Keras Backend Configuration

Note: Only relevant if using centimators[keras-jax] or centimators[all].

centimators uses Keras 3 for its neural network models, which supports multiple backends (JAX, TensorFlow, PyTorch). By default, centimators uses JAX as the backend.

Using the Default JAX Backend

No configuration needed! Just import and use:

from centimators.model_estimators import MLPRegressor

# JAX backend is automatically set
model = MLPRegressor()

Switching Backends

If you want to use TensorFlow or PyTorch instead, you have two options:

Option 1: Set environment variable before importing

import os
os.environ["KERAS_BACKEND"] = "tensorflow"  # or "torch"

# Now import centimators
from centimators.model_estimators import MLPRegressor

Option 2: Use the configuration function

import centimators
centimators.set_keras_backend("tensorflow")  # or "torch"

# Now import model estimators
from centimators.model_estimators import MLPRegressor

Note: If you choose TensorFlow or PyTorch, you'll need to install them separately:

uv add tensorflow
uv add torch

Quick Start

centimators transformers and estimators are dataframe-agnostic, powered by narwhals. You can use the same transformer seamlessly with both Pandas and Polars DataFrames. Here's an example with RankTransformer, which calculates the normalized rank of features for all tickers over time by date.

First, let's define some common data:

import pandas as pd
import polars as pl
# Create sample OHLCV data for two stocks over four trading days
data = {
    'date': ['2021-01-01', '2021-01-01', '2021-01-02', '2021-01-02', 
             '2021-01-03', '2021-01-03', '2021-01-04', '2021-01-04'],
    'ticker': ['AAPL', 'MSFT', 'AAPL', 'MSFT', 'AAPL', 'MSFT', 'AAPL', 'MSFT'],
    'open': [150.0, 280.0, 151.0, 282.0, 152.0, 283.0, 153.0, 284.0],    # Opening prices
    'high': [152.0, 282.0, 153.0, 284.0, 154.0, 285.0, 155.0, 286.0],    # Daily highs
    'low': [149.0, 278.0, 150.0, 280.0, 151.0, 281.0, 152.0, 282.0],     # Daily lows
    'close': [151.0, 281.0, 152.0, 283.0, 153.0, 284.0, 154.0, 285.0],   # Closing prices
    'volume': [1000000, 800000, 1200000, 900000, 1100000, 850000, 1050000, 820000]  # Trading volume
}

# Create both Pandas and Polars DataFrames
df_pd = pd.DataFrame(data)
df_pl = pl.DataFrame(data)

# Define the OHLCV features we want to transform
feature_cols = ['volume', 'close']

Now, let's use the transformer:

from centimators.feature_transformers import RankTransformer

transformer = RankTransformer(feature_names=feature_cols)
result_pd = transformer.fit_transform(df_pd[feature_cols], date_series=df_pd['date'])
result_pl = transformer.fit_transform(df_pl[feature_cols], date_series=df_pl['date'])

Both result_pd (from Pandas) and result_pl (from Polars) will contain the same transformed data in their native DataFrame formats.

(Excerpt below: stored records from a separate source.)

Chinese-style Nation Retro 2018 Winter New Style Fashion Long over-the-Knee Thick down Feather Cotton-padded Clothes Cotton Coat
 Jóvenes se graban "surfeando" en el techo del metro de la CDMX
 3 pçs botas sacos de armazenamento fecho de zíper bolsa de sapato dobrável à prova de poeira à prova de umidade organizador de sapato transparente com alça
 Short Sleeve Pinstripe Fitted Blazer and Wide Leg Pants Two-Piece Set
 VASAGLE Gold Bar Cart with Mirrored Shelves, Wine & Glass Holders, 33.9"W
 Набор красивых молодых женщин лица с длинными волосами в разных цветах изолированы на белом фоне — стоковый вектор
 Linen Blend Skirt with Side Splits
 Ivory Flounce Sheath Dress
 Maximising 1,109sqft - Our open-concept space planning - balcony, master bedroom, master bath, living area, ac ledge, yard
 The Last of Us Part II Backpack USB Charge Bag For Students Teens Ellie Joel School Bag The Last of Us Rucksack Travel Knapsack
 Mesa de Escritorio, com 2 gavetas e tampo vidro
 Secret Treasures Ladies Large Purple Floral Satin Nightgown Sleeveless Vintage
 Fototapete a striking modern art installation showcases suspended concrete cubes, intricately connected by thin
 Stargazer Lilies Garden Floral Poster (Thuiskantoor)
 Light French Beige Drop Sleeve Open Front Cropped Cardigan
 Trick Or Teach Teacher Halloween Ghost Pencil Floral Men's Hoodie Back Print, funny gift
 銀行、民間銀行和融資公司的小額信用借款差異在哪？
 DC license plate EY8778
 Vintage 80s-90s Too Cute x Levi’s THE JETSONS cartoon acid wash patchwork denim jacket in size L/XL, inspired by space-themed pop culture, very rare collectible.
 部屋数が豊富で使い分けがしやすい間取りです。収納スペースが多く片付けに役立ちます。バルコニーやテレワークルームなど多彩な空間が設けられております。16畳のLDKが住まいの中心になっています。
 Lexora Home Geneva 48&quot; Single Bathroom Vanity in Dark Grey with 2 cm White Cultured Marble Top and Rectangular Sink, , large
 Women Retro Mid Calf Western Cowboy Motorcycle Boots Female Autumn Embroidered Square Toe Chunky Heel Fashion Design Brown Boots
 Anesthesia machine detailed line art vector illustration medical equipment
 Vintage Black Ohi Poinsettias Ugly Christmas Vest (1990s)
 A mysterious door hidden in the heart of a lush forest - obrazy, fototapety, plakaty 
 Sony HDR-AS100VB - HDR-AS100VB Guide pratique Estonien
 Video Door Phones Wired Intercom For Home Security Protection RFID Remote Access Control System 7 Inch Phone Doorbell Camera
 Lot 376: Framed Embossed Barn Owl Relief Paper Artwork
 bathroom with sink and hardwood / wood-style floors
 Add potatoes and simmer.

You may find significant performance gains using Polars for certain operations.

Advanced Pipeline

centimators transformers are designed to work seamlessly within scikit-learn Pipelines, leveraging its metadata routing capabilities. This allows you to pass data like date or ticker series through the pipeline to the specific transformers that need them, while also chaining together multiple transformers. This is useful for building more complex feature pipelines, but also allows for better cross-validation, hyperparameter tuning, and model selection. For example, if you add a Regressor at the end of the pipeline, you can imagine searching over various combinations of lags, moving average windows, and model hyperparameters during the training process.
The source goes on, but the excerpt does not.